#### SOURCE DATA

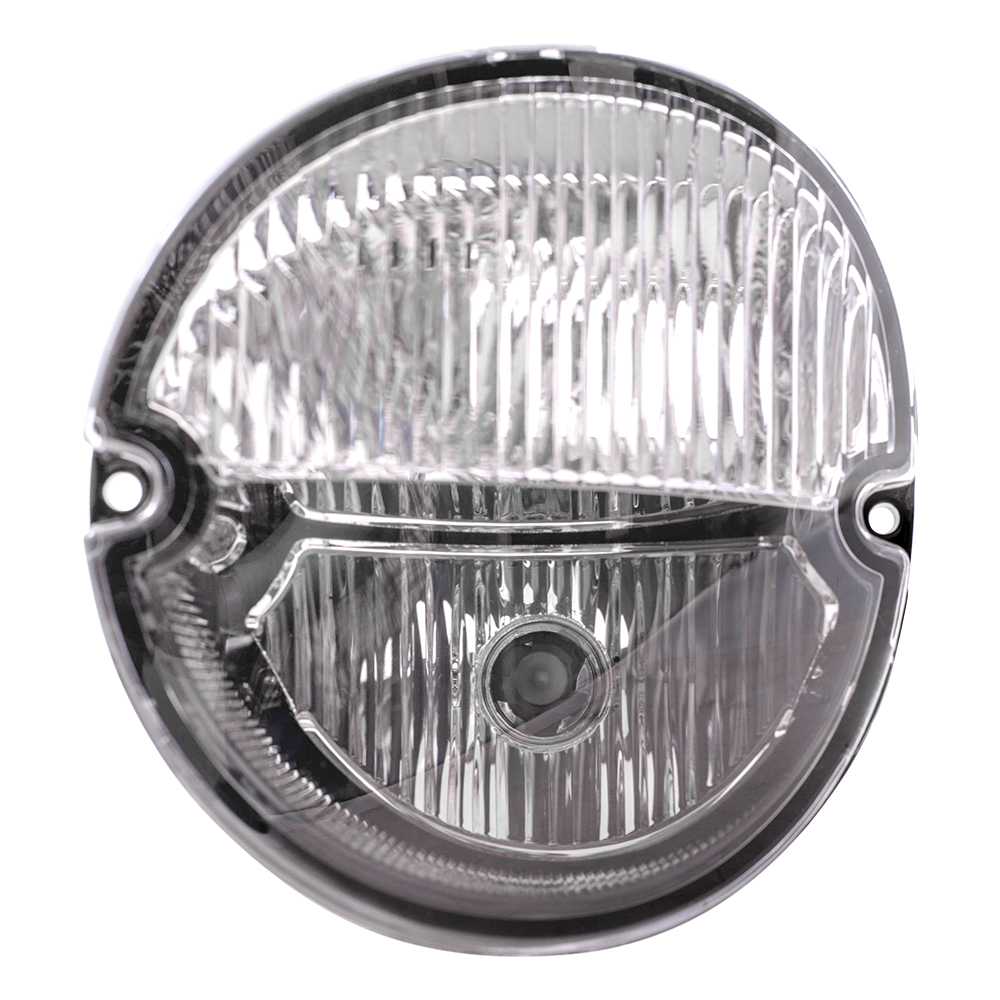 Dodge Magnum Steering Column Dodge Dakota Tail Light Wiring Diagram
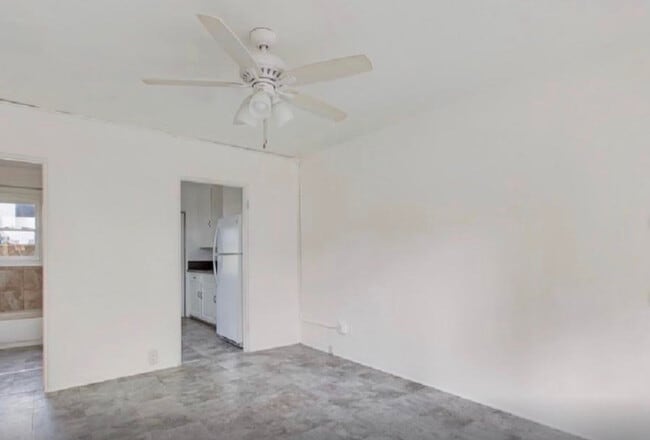 Photo - Sage House Apartments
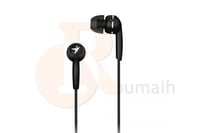 سماعة اذن للجوال جينيوس - Genius HS-M320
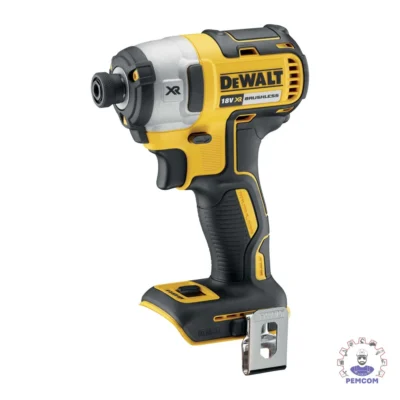 Máy vặn vít dùng pin Dewalt DCF887N-KR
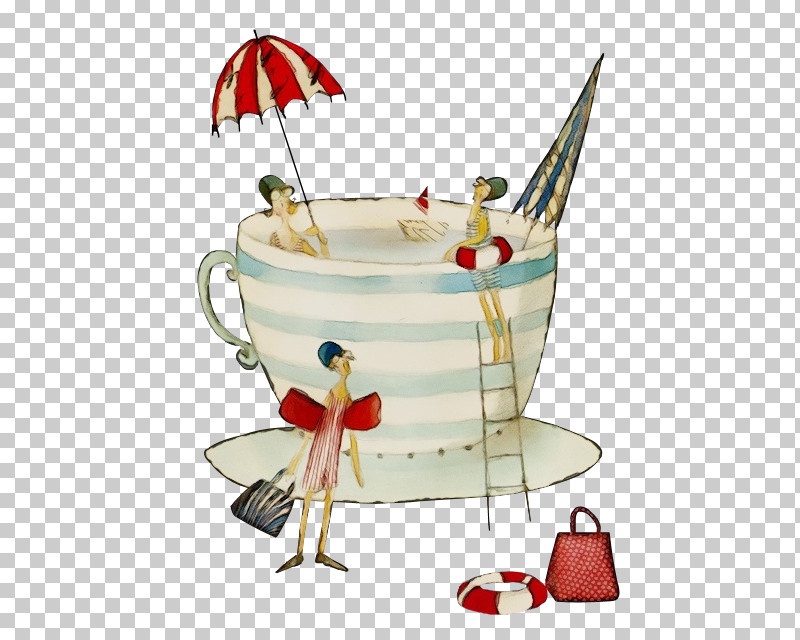 Teacup Drinkware Drink Tableware Cup PNG, Clipart, Cup, Drink, Drinkware, Paint, Tableware Free PNG Download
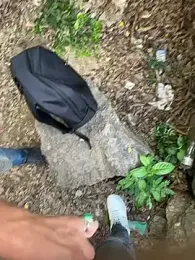 Luck__090 webcam model stream image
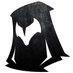 Henchmen Studios (@henchstudios) Twitter profile photo Henchmen Studios (@henchstudios) Twitter profile photo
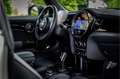MINI Cooper S Mini 2.0 Rockingham GT Edition JCW Aero Head Up Pa Gris - thumbnail 28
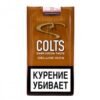 Colts Dark Cocoa – Çikolata Aromalı Sigara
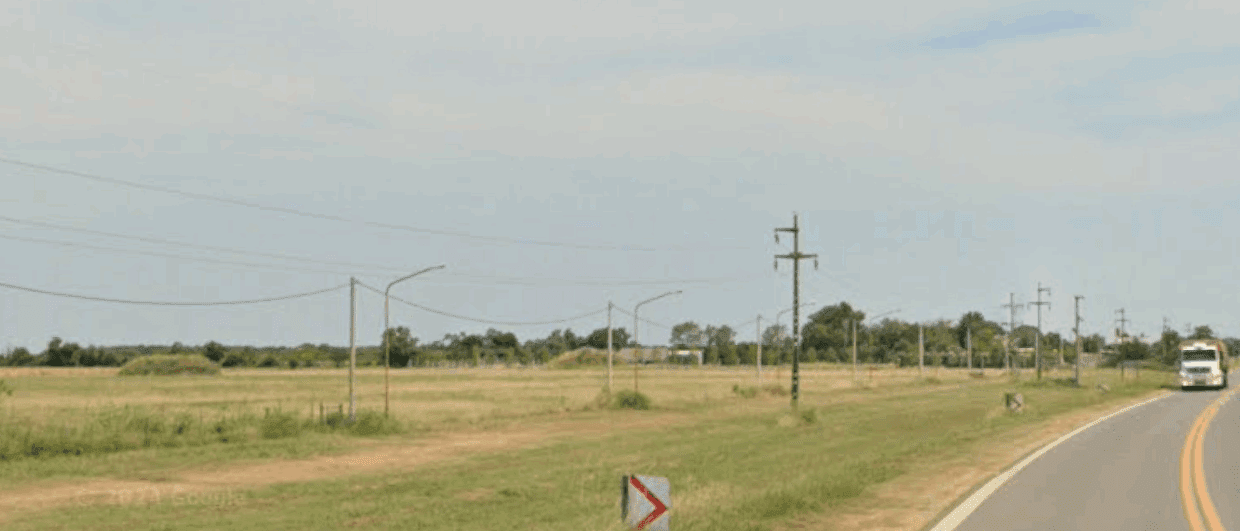 Screenshot 2026-01-12 153926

########

Each record above is to be restated exactly, with its pictures removed from the copy.

**ANSWER FOR THE TASK:**
 Dodge Magnum Steering Column Dodge Dakota Tail Light Wiring Diagram
 Photo - Sage House Apartments
 سماعة اذن للجوال جينيوس - Genius HS-M320
 Máy vặn vít dùng pin Dewalt DCF887N-KR
 Teacup Drinkware Drink Tableware Cup PNG, Clipart, Cup, Drink, Drinkware, Paint, Tableware Free PNG Download
 Luck__090 webcam model stream image
 Henchmen Studios (@henchstudios) Twitter profile photo Henchmen Studios (@henchstudios) Twitter profile photo
MINI Cooper S Mini 2.0 Rockingham GT Edition JCW Aero Head Up Pa Gris - thumbnail 28
 Colts Dark Cocoa – Çikolata Aromalı Sigara
 Screenshot 2026-01-12 153926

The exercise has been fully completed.